Repository for my Master Thesis at Politecnico di Milano

"A comparative study on parallelization of streaming top-k algorithms in Kafka"

How to try it!

Run docker-compose up -d to build and run the images

Run the application using its jar file in out/artifacts/APP_NAME/

Run src/main/java/myapp/RatingsDriverTest.java, change the INPUT_TOPIC in the file based on the app you're testing.

Measurements

Centralized Benchmark

Run RatingsDriver with msstopk-scored-rated-movies-${DATASET}, INPUT_THROUGHPUT and DATASET as arguments.

Then: Run src/main/java/myapp/materializeScoreSort/PhysicalWindow/CentralizedMSSTopK.java with TOPK and DATASET as arguments

Check when reading offset << writing offset

Run cleanLatencyFile.py CentralizedMSSTopK/dataset/topKK_latency_5s.txt TOPK to get the final MaterializeSort/latency_5ms.csv

Run averageLatency.py CentralizedMSSTopK/dataset/topKK_latency_5s.txt to get average Latency of the experiment.

Centralized MinTopK

Run RatingsDriver with centralized-mintopk-scored-rated-movies-${DATASET}, INPUT_THROUGHPUT and DATASET as arguments.

Then:

Run the experiment using the 5 datasets that you can find in dataset/

Run java -jar out/artifacts/minTopK_jar/kafka-stream-tutorial.jar "src/main/java/myapp/minTopK/minTopK.env" topK dataset where topK and dataset are integer values.

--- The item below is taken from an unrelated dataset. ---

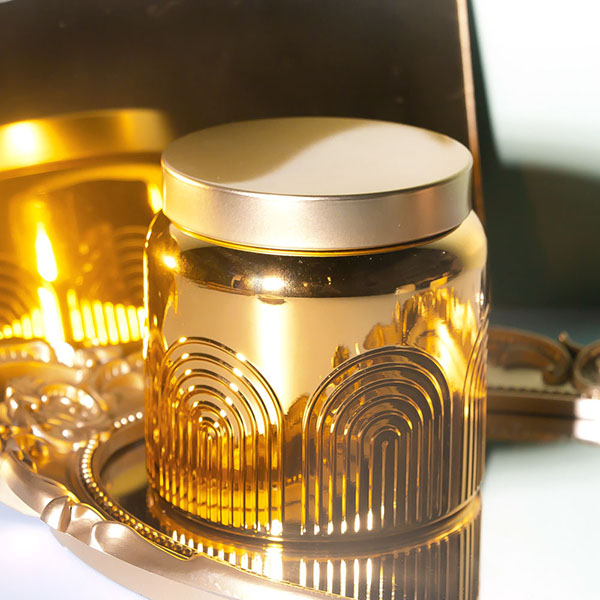 Metallic gold candle jars wholesale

Run cleanLatencyFile.py CentralizedMinTopK/topKK_latency_5ms.txt topK to get the final CentralizedMinTopK/topKK_latency_5ms.csv

Run averageLatency.py CentralizedMinTopK/topKK_latency_5ms.txt to get average Latency of the experiment.

Centralized MinTopK+N

Run the experiment using the 5 datasets that you can find in dataset/

Run java -jar out/artifacts/CentralizeMinTopKN_jar/CentralizeMinTopKN.jar "src/main/java/myapp/minTopKN/minTopKN.env" topK topN dataset where topK, topN and dataset are integer values.

Run RatingsDriver with centralized-mintopkn-scored-rated-movies, INPUT_THROUGHPUT and DATASET as arguments.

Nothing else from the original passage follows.